Results: The results are presented in Table 4. MCNC has comparable performance to NOLA with a similar number of parameters. Importantly, however, MCNC requires $75\%$ fewer GFLOPs for generating parameters on the fly compared to NOLA. This efficiency translates into faster inference and training for MCNC compared to NOLA. As shown in Table 4, MCNC achieves a $23\%$ faster throughput for LLaMA 7B and a $35\%$ faster throughput for LLaMA 13B. While it is feasible to generate parameters offline and merge them with the original weights of the language model, this approach limits the applications when processing multiple tasks and their corresponding adapters in a batch. Therefore, in scenarios involving batch processing of tasks, MCNC holds an advantage over NOLA due to its faster throughput.

4.4 Ablation Studies

Impact of MCNC design decisions: When applying MCNC to a model with a specific parameter count, we can approach this in several ways. Initially, we can design a generator with $k$ and $d$ values that yield the exact number of parameters needed for model reparameterization. Alternatively, we might increase the compression rate of the generator and adjust $m$ accordingly. Another option is to perform a low-rank decomposition of the model before compression, which allows for lower compression rates or higher $m$ values to maintain the same parameter count. We explore the effects of these design choices by assessing the compression performance of ResNet-18 on the ImageNet-100 dataset with a parameter budget of approximately 100,000, selecting $k$ , $d$ , and $m$ to meet this target. Without our nonlinear manifold, this equates to using random bases, specifically NOLA and PRANC, with and without low-rank constraints, respectively. Table 6 clearly shows that integrating the nonlinear manifold consistently enhances performance across various settings. Moreover, increasing $m$ beyond 1 does not significantly affect performance, allowing MCNC to achieve diverse compression rates using a single generator without compromising performance. The most significant performance improvement comes from low-rank decomposition.
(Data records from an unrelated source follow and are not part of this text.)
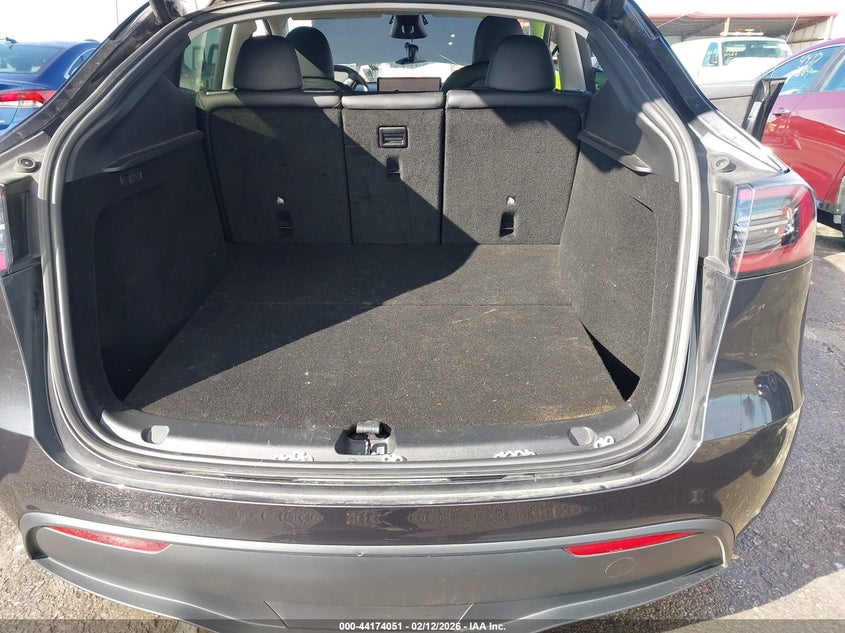 TESL MODEL Y RWD 2024 VIN 7SAYGDED7RF087317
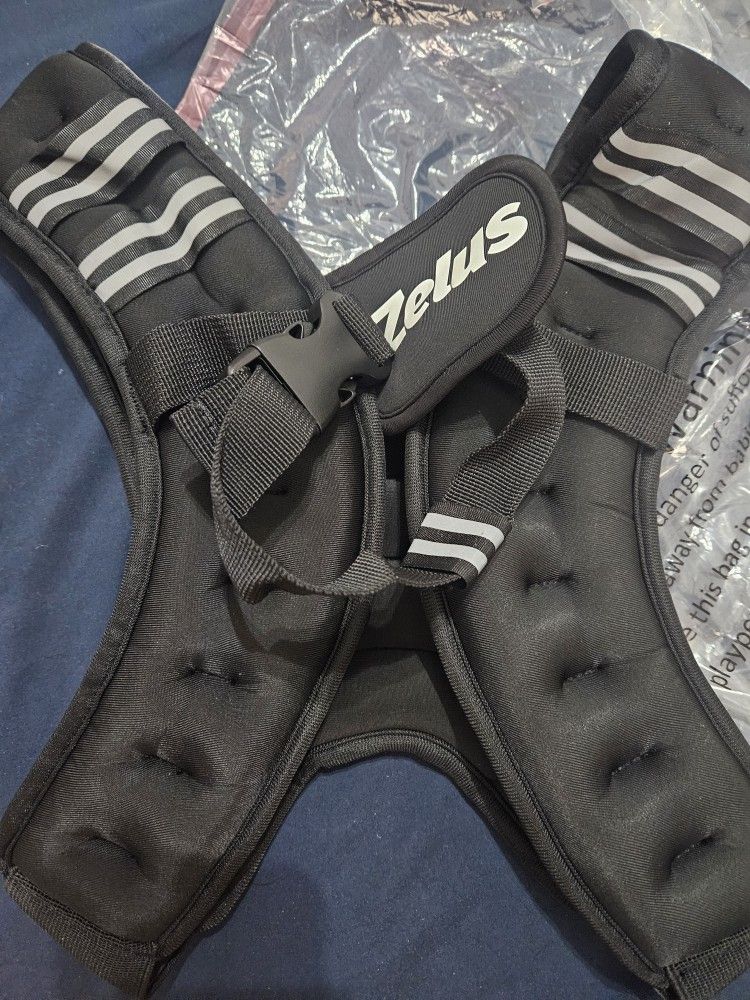Zelus Weighted Vest, Brand New 6lbs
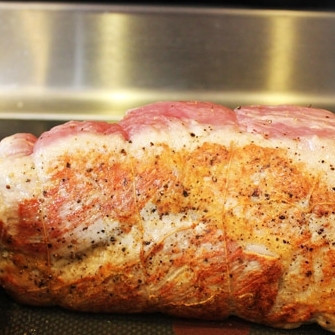 1. Этап. Фаршированная корейка: 13. В разогретой большой сковороде на растительном масле обжарьте начиненную корейку. Переворачивайте корейку при помощи деревянных лопаточек, т.е. ни в коем случае не протыкайте мясо вилкой, сок должен остаться внутри.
Impact of varying $k$ and $d$ with fixed compression rate: The ratio of $k$ to $d$ determines its compression rate, however, selecting appropriate values for $k$ and $d$ under a fixed compression rate presents challenges. To investigate this, we trained multiple generators, each with a compression rate of 100, and applied them to ImageNet-100 using ResNet-18, with $L$ fixed at 10. The results are presented in Table 6. It is evident that a $k$ value close to 1 leads to poor performance, possibly due to reduced degrees of freedom when traversing the manifold, which complicates optimization. Increasing $k$ and $d$ generally enhances performance until it reaches a saturation point and then begins to decline. This decline is likely because, as $d$ becomes very large, the generator struggles to effectively cover the space.

Effect of choice of $L$ when training downstream tasks: As noted in section 3.1, the choice of $L$ controls the frequency of twists in the manifold. In addition to impacting the coverage of the high-dimensional space, this choice can directly impact the ease of optimization when weights are constrained to live inside this manifold. For this reason, we train multiple generators with varying values of $L$ and use each to train a ResNet-20 on CIFAR-100 while fixing $k=5,d=500$ . We show our results in Table 7. As can be seen, when $L$ becomes too small or too large, MCNC’s accuracy begins to drop significantly. When $L$ is low, this is likely due to lacking coverage of the high-dimensional space. When $L$ is large, however, the number of turns in the manifold increase likely leading to difficulties in optimization that result in decreased performance.

Effect of increasing $k$ to decrease compression rate: MCNC’s compression is determined by both the generator compression and the selection of $m$ . We wish to study how the performance improves as we decrease the compression rate of the generator. To do so, we fix $m=1,d=1600$ and vary $k$ . We then use each generator to train ResNet-20 with low rank decomposition on CIFAR-100 and show the results in Figure 3. We can see that performance is able to steadily improve as we decrease the compression rate of the generator. Impressively, we are able to almost entirely recover the original performance of the model while using a fraction of the total number of parameters.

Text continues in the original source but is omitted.